Extreme focusing of hard X-ray free-electron laser pulses enables 7 nm focus width and 10²² W cm^-2 intensity

By illuminating matter with bright and intense light, researchers gain insights into material composition and properties. In the regime of extremely short wavelengths, X-ray free-electron lasers (XFELs) with exceptional peak brilliance have unveiled crucial details about the structures, dynamics and physics of various materials. Although X-ray focusing optics to enhance the intensity have progressed, achieving a single-nanometre focal spot that fully exploits the source performance remains elusive. Aberrations arising from reflective optical schemes noticeably degrade the focal spot, even in the presence of inevitably slight angular transition and pointing errors. Here we present an approach that directly forms a source image in an extremely small focal spot, achieving 7 nm focusing, in both transverse dimensions, of 9.1 keV XFELs with the extremely high intensity of 1.45 x 10(22) W cm(-)(2).
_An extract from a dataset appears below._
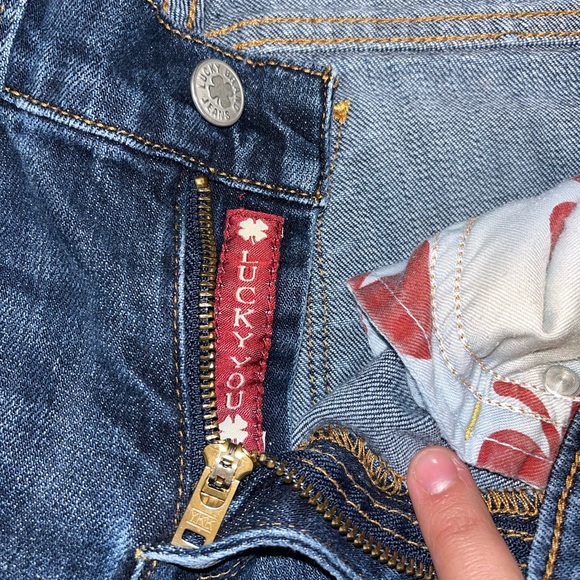 ❗️❗️SOLD❗️❗️Lucky brand jeans size 4/27, inseam is 30in - Picture 2 of 10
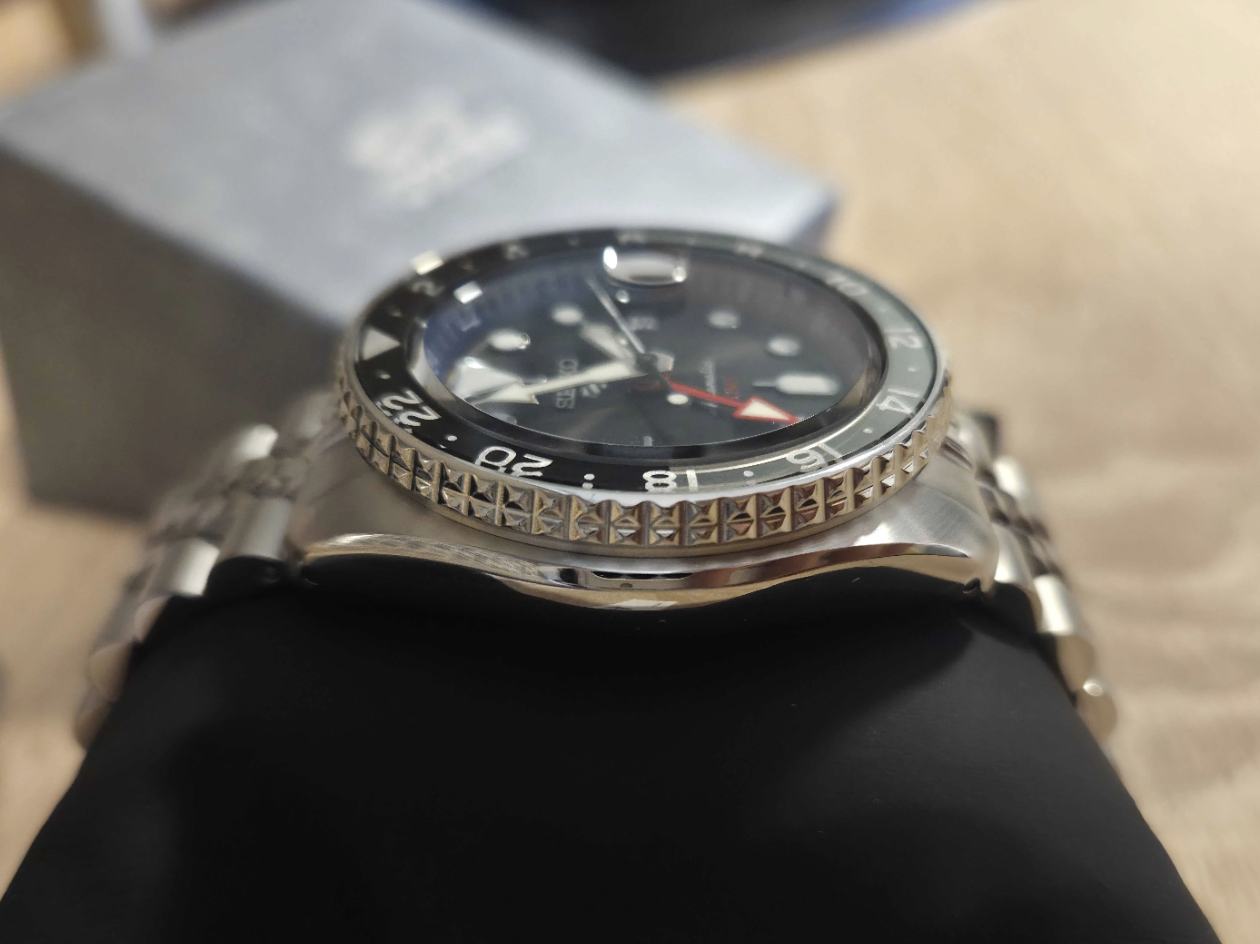 Seiko 5 Sports GMT Automatic – SSK019K1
This was made possible by a scheme combining concave and convex X-ray mirrors with suppressed aberrations and high angular tolerances. The attained highly intense X-rays, surpassing the previous intensity by a hundred-fold, induced the vigorous ionization of chromium, suggesting the creation of solid-density heavy bare atomic nuclei. Our results, which demonstrate the realization of stable ultraintense XFEL beams by forming demagnified source images, hold immediate significance to a wide range of research fields, including atomic, molecular and optical physics and high-energy-density sciences.